In the obtained recording material, the silica sol III-C-containing underrecordlng layer had a degree of cracks of 95% which was measured by the method as mentioned above, after the upperrecording layer and the intermediate recording layer were removed by shaving and printed with the ink. The upperrecording layer had a pore volume of 0.76 ml/g.

Example III-5

The polyethylene-laminated surface of the same laminate sheet in Example III-1 was coated with a 10% aqueous coating liquid containing a mixture of 100 parts of silica sol III-C with 35 parts of a polyvinyl alcohol (PVA-135H) and dried at a temperature of 100°C, to form an underrecording layer having a dry weight of 20 g/m² and a degree of cracks of 65%.

The underrecording layer was wetted with 15 g/m² of water and then coated with a 7% aqueous coating liquid containing 100 parts of silica sol III-A with 25 parts of a polyvinyl alcohol (PVA-135H) and dried at a temperature of 80°C, to form an upperrecording layer having a dry weight of 8 g/m² and a degree of cracks of 80%.

An ink jet recording material of the present invention was obtained.

Comparative Example III-1

The polyethylene-laminated surface of the same laminate sheet as in Example III-1 was coated with a 10% aqueous coating liquid containing a mixture of 100 parts of silica sol III-B with 45 parts of a polyvinyl alcohol (PVA-135H), and dried at a temperature of 100°C, to form an ink receiving layer having a dry weight of 28 g/m² and a degree of cracks of 10% or less.

A comparative ink jet recording material was obtained.

Example III-6

A 10% of aqueous coating liquid containing a mixture of 100 parts of silica sol III-C with 40 parts of a polyvinyl alcohol (PVA-135H) was coated on the polyethylene-laminated surface of the same laminate sheet as in Example III-1, and dried at a temperature of 100°C, to form an underrecording layer having a dry weight of 20 g/m² and a degree of cracks of 20%.

The underrecording layer was wetted with water in an amount of 20 g/m², and then coated with a 7% aqueous coating liquid containing a mixture of 100 parts of silica sol III-A with 30 parts of a polyvinyl alcohol (PVA-135H), and dried at a temperature of 50°C, to form an upperrecording layer having a dry weight of 8 g/m², a degree of cracks of 30% and a pore volume of 0.91 ml/g.

An ink jet recording material of the present invention was obtained.

Comparative Example III-2

A trade gloss paper sheet (trademark: GP-101, made by CANON) having a coating layer with a degree of cracks of 100%, was employed as a comparative ink jet recording material.

[Evaluation]

Each of the ink jet recording materials of Examples III-1 to III-6 and Comparative Examples III-1 and III-2 was subjected to evaluations of ink-absorbing rate, ink-absorbing capacity, gloss, and color density of ink image by the methods as shown below.
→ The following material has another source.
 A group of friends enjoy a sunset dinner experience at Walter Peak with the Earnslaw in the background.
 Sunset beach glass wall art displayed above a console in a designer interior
In the evaluations of the gloss and color density of image, solid ink prints were formed by a trade ink jet printer (model: PM-700C, made by EPSON CORP., LTD.), and the gloss and color density of the solid prints were determined.

[Ink-absorbing rate]

An yellow-colored ink, a magenta-colored ink and a cyan-colored ink were printed and overlapped on each other to form a black-colored solid print on an ink jet recording material. Every five seconds after the printing, a woodfree paper sheet was superposed on the solid print, to determining an ink-drying time after which time no ink was transferred from the solid print to the paper sheet. The ink-absorbing rate was evaluated in four classes as shown below.

class	Ink drying time
4	Less than 5 seconds
3	Five seconds or more but less than 10 seconds
2	Ten seconds or more but less than 30 seconds
1	Thirty seconds or more

[Ink-absorbing capacity]

A sample of an ink jet recording material in dimensions of 10 cm × 10 cm was attached to a center portion of an A4 size PPC paper sheet, and a black-colored ink was jetted toward the sample at an ink-extrusion amount of 40 g/m² to form a black-colored solid print. Every 10 seconds after the printing, a woodfree paper sheet was superposed on the solid print on the sample, and an ink-drying time after which time no ink was transferred from the solid print from the woodfree paper sheet, was determined.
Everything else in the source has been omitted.